Apesar disso, em outros aspectos da vida, continuei a ser considerado um merdinha, cuja única conduta reprovável, realmente capaz de assustar alguém, foi ter conseguido a façanha de quase me matar com uma lambreta (?). Sim, porque, na escala da maldade, uma cabrita perneta provavelmente ofereceria mais perigo do que eu. Não que eu fosse o ser mais puro do mundo, destituído de qualquer maldade ou malícia, mas o fato é que, em termos criminais, nunca fui considerado uma ameaça.

Não à toa, sempre passei despercebido por fechas policiais e coisas do gênero. Não sei dizer ao certo o motivo disso, mas, agora, pensando bem, desconfio que só havia uma, dentre três possibilidades: a) eu era rico e influente; b) eu tinha cara de nerd, virgem e um corpo tão musculoso quanto o de um frango em crise aguda de diarréia, ou; c) eu era o Chuck Norris. Bom, isso é algo que nunca saberei. Mas, de todo modo, o importante é que eu estava acima de qualquer suspeita e, não por menos, quando vi aquele monte de viaturas policiais me cercando naquela fatídica noite, minha voz embargou — me senti emocionado, reconfortado e um pouco mais homem. Me senti, enfim, livre.

Finalmente, após enfrentar com uma coragem épica aquela situação dramática e perigosa, eu poderia gritar para todo mundo ouvir que a lenda ainda estava viva! Que havia esperança, havia potência e havia amor! Eu poderia, enfim, sentir o ar da vida preenchendo meus pulmões novamente. Mas a vida, a vida é uma put@ falta de sacanagem. E, ao invés disso, o que senti foi uma sensação desconhecida, que, de forma repentina, percorreu todo o meu corpo...

Encostado ao muro, com as mãos para cima e pernas abertas, senti um policial apalpar áreas nunca antes exploradas. Meu eusébio continuava intacto, mas, naquele momento, me senti violado. Era, afinal de contas, meu primeiro contato com a opressão estatal. Desorientado, vi policiais gritando, esfihas voando, luzes piscando e, em câmera lenta, cenas de telejornais e noticiários de Uberlandia invadiram minha cabeça. O cagaço, então, se instalou novamente. E assim, ao sentir a mão do policial próxima ao bolso da minha calça, fiz aquela que pode ser considerada umas das maiores burrices da minha vida. Olhei para o policial e disse: — aí só tem dinheiro, senhor. A resposta foi carinhosa e instantânea: um tapa na fuça, acompanhado de “está achando que alguém aqui quer o seu dinheiro, seu moleque?”.

Imediatamente, senti algo em mim esquentar — e não era apenas a minha orelha. Era a revolta. A raiva.
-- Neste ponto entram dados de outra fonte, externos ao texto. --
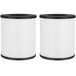 Fette Filter - VK-6067B H13 True HEPA-filters compatibel met HOKEKI VK-6067B & Vremi True Hepa luchtreinigers H13 met actieve kool- Pack van 2 (VK6067B)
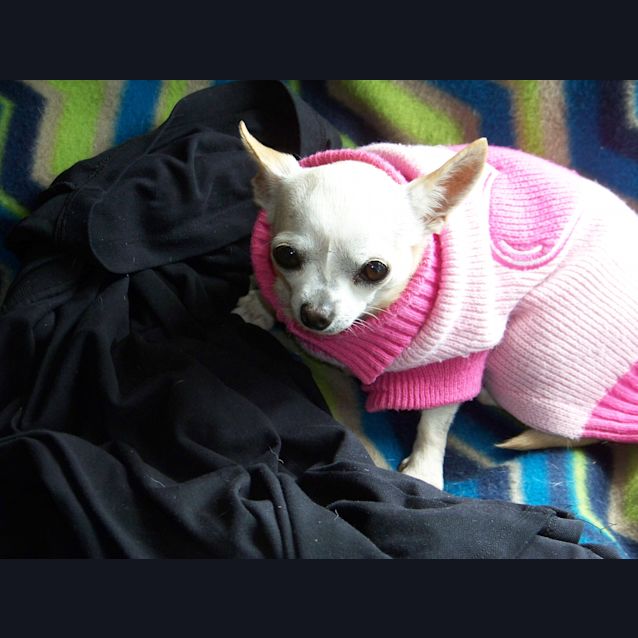 Photo of Wags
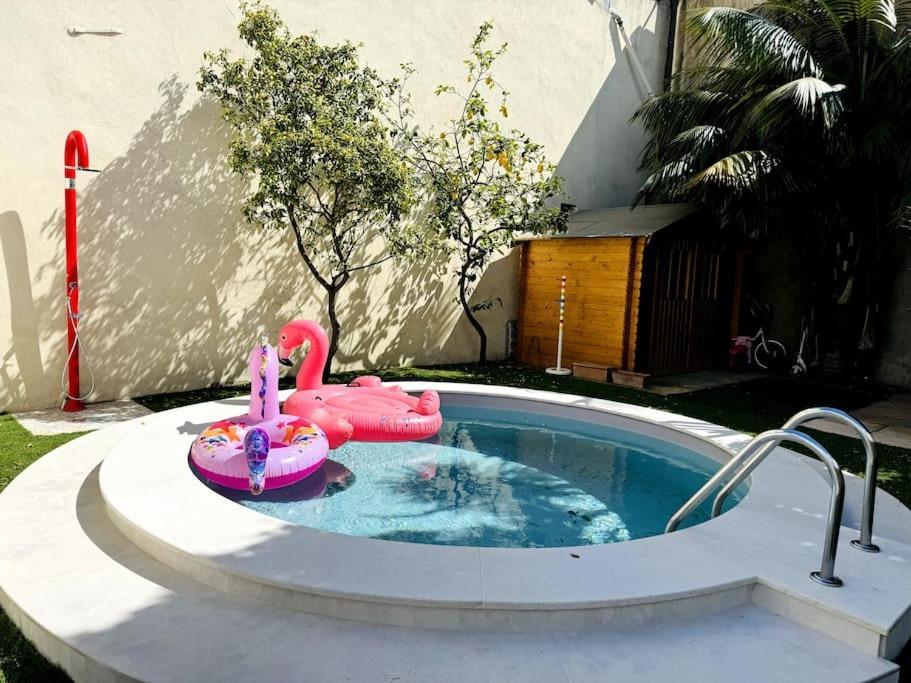 Unique Au Coeur Du Vieil Antibes, Superbe Avec Jardin Et Piscine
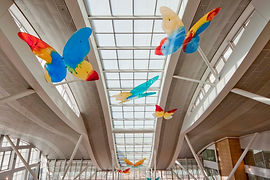 childrens_hospital9.jpg
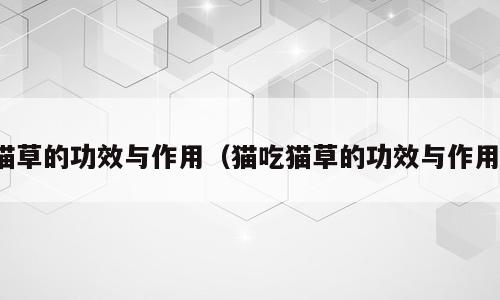猫草的功效与作用（猫吃猫草的功效与作用）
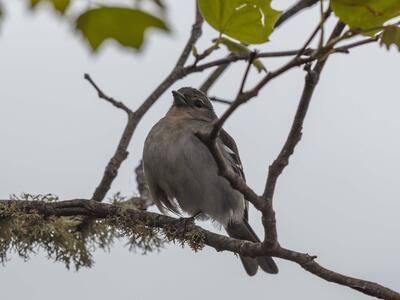 fringilla coelebs maderensis weib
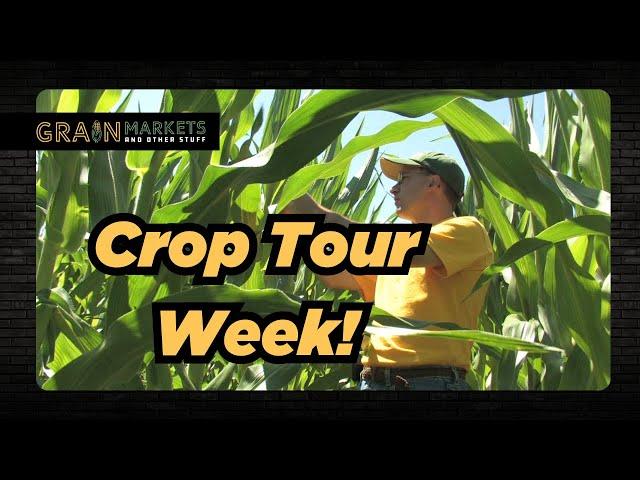 Crop Tour Week! + Joe's 2023 Corn Sales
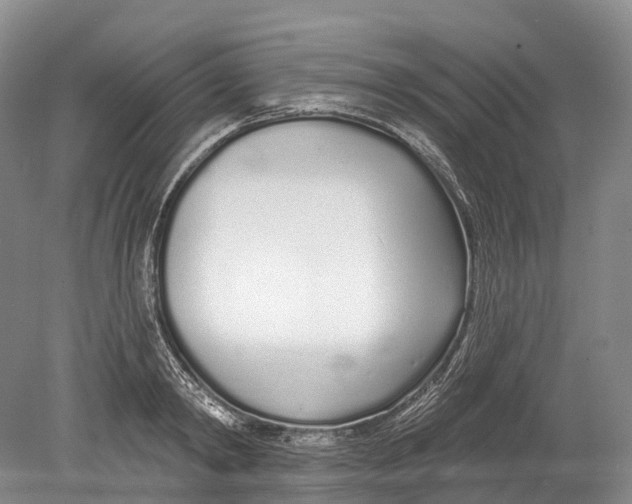 X0000078830798200612041812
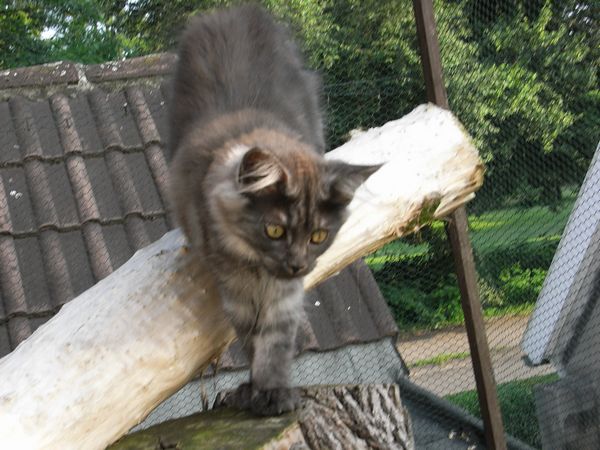 Undercover-Coon´s Flo Bild 130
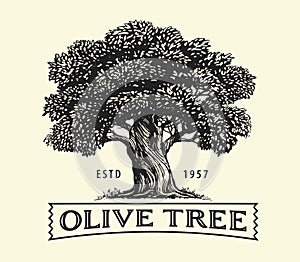 Olive tree with olives on branches. Olive oil emblem sketch. Hand drawn vector illustration in vintage engraving style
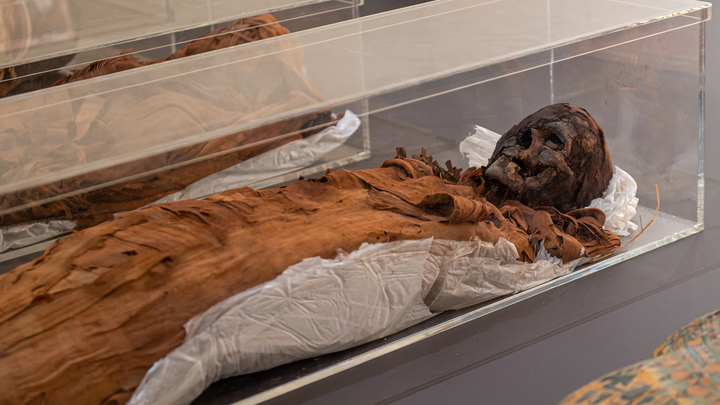 Учёные воссоздали образ самого старого человека, жившего в Древнем Египте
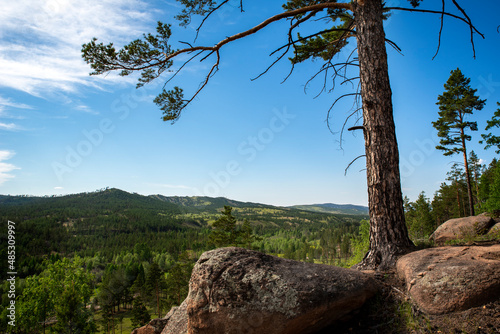view from the cliff to the green forest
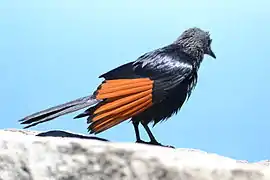 Exposed black-tipped, rufous primaries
Afinal de contas, como cidadão brasileiro, eu tenho direitos constitucionalmente garantidos e aquilo não poderia ficar impune, não poderia ser em vão. Eu deveria lutar. Ser a esperança dos mais fracos. A voz dos oprimidos. O rosto desse povo sofrido. E todos se lembrariam da minha guerra. Da minha história.

Pensei, então, em mandar o policial bater mais forte, porque, afinal, “aqui é Corinthians, mano!”. Mas me contive e, bravamente, como um símbolo da resistência, respondi, :

– Desculpe, senhor! Não foi minha intenção. Desculpe! Eu não quis dizer isso.

Desconsertado, o agente opressor, em sinal de respeito e temor, olhou para o meu rosto de Jaspion anêmico e recuou. E, assim, aquela noite virou história. A história virou lenda. E hoje, em butecos e vilarejos distantes, sou conhecido como “aquele que apanhou da polícia”. É, me tornei um mártir, bebê.